NYTimes: The Making (and Remaking) of McCain

It was 11:45, and the Palins had entered the bar. Dozens of staff members and delegates flocked to the governor, cellphone cameras outstretched. Todd and Sarah Palin posed, shook hands and extended their gracious appreciation for 15 minutes. Then, no doubt realizing that they would never be able to enjoy a drink in peace, they withdrew for the evening, again to raucous applause.

While all of this was going on, an elegant middle-aged woman sat alone at the far end of the bar. She wore beige slacks and a red sweater, and she picked at a salad while talking incessantly on her cellphone. But for the McCain/Palin button affixed to her collar and the brief moment that Tucker Eskew, Palin’s new counselor, spoke into her ear, she seemed acutely disconnected from the jubilation swelling around her.

In fact, the woman was here for a reason. Her name was Priscilla Shanks, a New York-based stage and screen actress of middling success who had found a lucrative second career as a voice coach. Shanks’s work with Sarah Palin was as evident as it was unseen. Gone, by the evening of her convention speech, was the squeaky register of Palin’s exclamations. Gone (at least for the moment) was the Bushian pronunciation of “nuclear” as “nook-you-ler.” Present for the first time was a leisurely, even playful cadence that signaled Sarah Palin’s inevitability on this grand stage.

I have no agenda in linking to this article.  I do so only because it weaves a great narrative and reminds me of my fascination with the crossover between politics and show business.
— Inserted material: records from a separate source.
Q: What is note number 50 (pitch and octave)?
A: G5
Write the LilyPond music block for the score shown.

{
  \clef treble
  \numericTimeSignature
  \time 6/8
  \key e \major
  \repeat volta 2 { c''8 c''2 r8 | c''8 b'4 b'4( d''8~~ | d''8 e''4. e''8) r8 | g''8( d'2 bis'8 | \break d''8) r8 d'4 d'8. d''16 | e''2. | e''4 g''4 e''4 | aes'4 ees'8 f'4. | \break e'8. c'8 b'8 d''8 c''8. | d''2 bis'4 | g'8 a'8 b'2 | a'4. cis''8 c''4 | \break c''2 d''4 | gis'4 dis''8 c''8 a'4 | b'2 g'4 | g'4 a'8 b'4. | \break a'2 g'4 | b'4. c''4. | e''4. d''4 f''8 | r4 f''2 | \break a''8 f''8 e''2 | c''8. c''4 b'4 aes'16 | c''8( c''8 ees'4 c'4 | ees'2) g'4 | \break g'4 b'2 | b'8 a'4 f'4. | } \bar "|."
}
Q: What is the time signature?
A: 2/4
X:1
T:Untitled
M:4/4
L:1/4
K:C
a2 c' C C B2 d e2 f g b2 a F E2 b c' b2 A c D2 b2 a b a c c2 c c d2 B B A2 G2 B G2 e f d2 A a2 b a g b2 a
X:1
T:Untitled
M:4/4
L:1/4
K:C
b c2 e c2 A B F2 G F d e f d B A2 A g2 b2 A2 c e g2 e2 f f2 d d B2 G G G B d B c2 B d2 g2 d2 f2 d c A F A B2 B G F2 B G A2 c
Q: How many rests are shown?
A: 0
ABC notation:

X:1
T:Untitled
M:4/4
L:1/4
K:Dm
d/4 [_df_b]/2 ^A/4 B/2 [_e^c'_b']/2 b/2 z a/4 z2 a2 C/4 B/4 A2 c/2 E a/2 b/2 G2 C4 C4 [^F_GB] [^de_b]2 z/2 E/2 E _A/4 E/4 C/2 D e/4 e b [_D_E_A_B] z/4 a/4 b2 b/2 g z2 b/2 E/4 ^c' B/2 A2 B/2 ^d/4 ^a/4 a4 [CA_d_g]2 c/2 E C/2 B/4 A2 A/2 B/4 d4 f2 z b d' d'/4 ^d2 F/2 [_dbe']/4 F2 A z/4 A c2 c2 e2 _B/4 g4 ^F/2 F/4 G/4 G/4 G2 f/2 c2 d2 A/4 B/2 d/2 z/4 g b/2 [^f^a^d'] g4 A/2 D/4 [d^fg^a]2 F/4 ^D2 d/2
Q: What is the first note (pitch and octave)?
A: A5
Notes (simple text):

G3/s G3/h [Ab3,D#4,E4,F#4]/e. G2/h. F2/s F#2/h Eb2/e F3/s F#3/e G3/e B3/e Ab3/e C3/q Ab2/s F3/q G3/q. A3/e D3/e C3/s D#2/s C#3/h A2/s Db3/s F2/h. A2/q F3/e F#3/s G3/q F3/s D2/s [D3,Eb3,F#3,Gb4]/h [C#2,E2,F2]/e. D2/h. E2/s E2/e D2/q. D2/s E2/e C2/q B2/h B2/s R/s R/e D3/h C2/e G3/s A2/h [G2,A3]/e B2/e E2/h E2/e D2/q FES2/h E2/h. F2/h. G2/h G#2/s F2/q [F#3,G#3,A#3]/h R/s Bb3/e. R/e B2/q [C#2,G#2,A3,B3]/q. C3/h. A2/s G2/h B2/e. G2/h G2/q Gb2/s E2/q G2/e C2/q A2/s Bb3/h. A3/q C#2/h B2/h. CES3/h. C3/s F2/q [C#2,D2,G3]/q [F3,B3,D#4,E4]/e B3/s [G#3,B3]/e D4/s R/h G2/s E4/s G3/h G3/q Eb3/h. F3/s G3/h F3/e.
Later, some revealing origin story:

A year after Barack Obama was sworn into the Senate, Salter recalls McCain saying, “He’s got a future, I’ll reach out to him” — as McCain had to Russ Feingold and John Edwards, and as the liberal Arizona congressman Mo Udall had reached out to McCain as a freshman. McCain invited Obama to attend a bipartisan meeting on ethics reform. Obama gratefully accepted —but then wrote McCain a letter urging him to instead follow a legislative path recommended by Harry Reid, the Democratic leader in the Senate. Feeling double-crossed, McCain ordered Salter to “send him a letter, brush him back a little.” Since that experience, says a Republican who has known McCain for a long time, “there was certainly disdain and dislike of Obama.”

Not at all relevant, but if you’re interested in seeing Priscilla Banks on “Chappelle’s Show” episode 2x09, she plays the prosecutor at the R. Kelly trial.  Skip to 2:25 to see her get pissed on by Dave Chappelle.